La Cour des comptes est chargée d’ausculter tous les organismes qui dépendent de l’État.
À ce titre, elle a protesté à maintes reprises contre l’avantage accordé aux employés d’EDF ou de GDF leur permettant de ne régler que 10 % de leur consommation d’énergie.
Mais ces réductions ne sont qu’un complément de salaire, une façon de rémunérer à moindre coût les employés et qui est commune à toutes les entreprises : les vendeurs des concessions automobiles roulent toujours dans des voitures neuves de moins de 6 mois, les chargés de clientèle dans les banques ont droit à des emprunts à des taux encore plus bas que ceux qui sont consentis aux particuliers, etc.
Mais l’avantage accordé aux salariés de la SNCF dépasse – et de loin – ce que les autres entreprises publiques offrent à leurs employés.
Chaque agent ou retraité de la SNCF a droit à la gratuité totale des billets de trains et 8 réservations par an, leur conjoint (marié, pacsé ou concubin), leurs enfants bénéficient de « 8 cases gratuites » (grossièrement, un aller-retour en 2 jours) et ne payent que 10 % du prix des autres billets.
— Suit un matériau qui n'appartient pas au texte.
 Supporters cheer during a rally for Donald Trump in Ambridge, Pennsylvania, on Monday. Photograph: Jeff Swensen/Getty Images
Mieux : les parents et les grands-parents des cheminots ainsi que les parents et les grands-parents de leurs conjoints ont droit, eux aussi, à 4 cases gratuites, comme le rappelle Capital.
Avantage qui, parfois, atteint un montant de 1.000 euros annuels !
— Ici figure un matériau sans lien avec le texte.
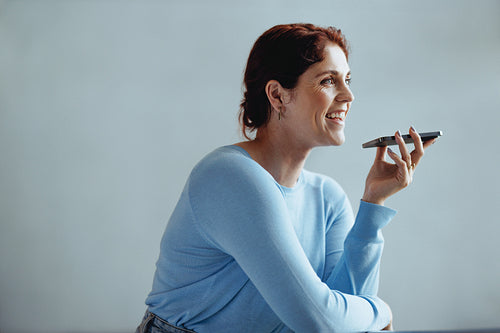 Female entrepreneur making a phone call in a corporate workplace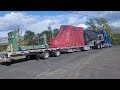 Traveling Man- Truck driver  using ramps and tarps on a stepdeck trailer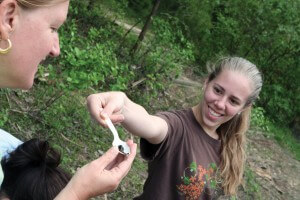 Savannah Long shows Casey a tadpole she collected in a water sample at Chicopee Lake.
Une centaine d’agents basés à Paris s’occuperaient de gérer ce privilège et de dresser la liste de ceux qui y ont droit.
Au total, ce système profite à 1,3 million de personnes (2 % de la population de l’Hexagone).
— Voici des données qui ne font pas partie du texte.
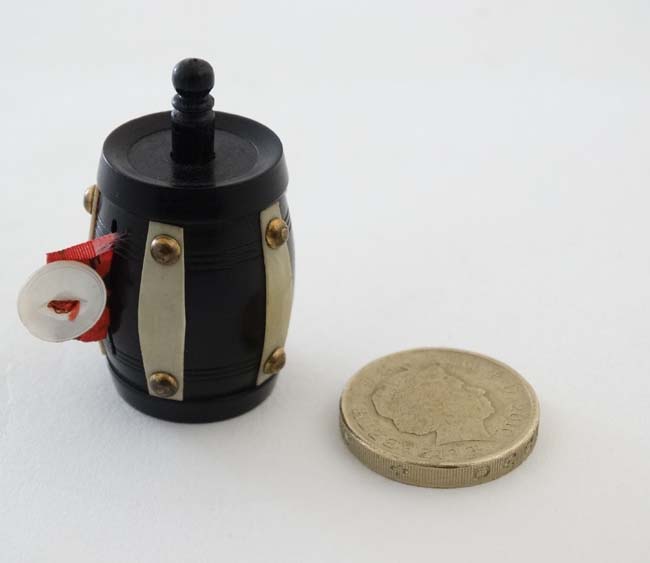 Sewing / Needlework : A tape measure formed as an ebonised barrel with ivorine banding held by - Image 2 of 4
Les actifs, les conjoints d’actifs et les enfants d’actifs ne représentent que 35 % des heureux élus.
Les retraités et la parentèle lointaine constituent les gros bataillons des privilégiés.
Non seulement la SNCF perd le prix des billets qu’auraient payé, sinon, les cheminots ou leur famille proche ou lointaine, mais, en outre, ces places occupées manquent aux autres voyageurs et les trains sont artificiellement bondés.
On évalue à 30 millions d’euros cet effet d’éviction.
L’entreprise ferroviaire règle, en outre, tous les ans, 20 millions de charges sociales pour cet avantage salarial.
Au total, le dispositif coûterait 220 millions par an à la SNCF.
C’est une hypothèse basse, car ce montant n’est calculé que pour les voyages en TGV soumis à une réservation obligatoire.
Les trajets en TER à prix cassé ne sont pas pris en compte.
Certes, cela représente moins de 5 % du déficit global de l’entreprise ferroviaire, qui est de 14,4 milliards d’euros par an ; chaque Français est racketté de 234 euros au profit de la SNCF, même s’il ne prend jamais le train.
Mais alors que les gestionnaires de la SNCF cherchent à tout prix à faire des économies, le privilège des cheminots et de leur parentèle interpelle.
Les magistrats de la Cour des comptes s’étaient déjà émus de ces coûteux cadeaux en 2013, en vain : le nombre de bénéficiaires des réductions a augmenté de 20 % depuis 2011.
Une des pistes suivies serait de n’accorder cet avantage qu’aux agents actifs de la SNCF et à leur famille proche pour un coût total de 80 millions d’euros, ce qui constituerait un net progrès.
Mais la SNCF a fait la sourde oreille quand la Cour des comptes lui a fait cette suggestion en 2013, et rien ne dit qu’elle sera plus réceptive en 2019.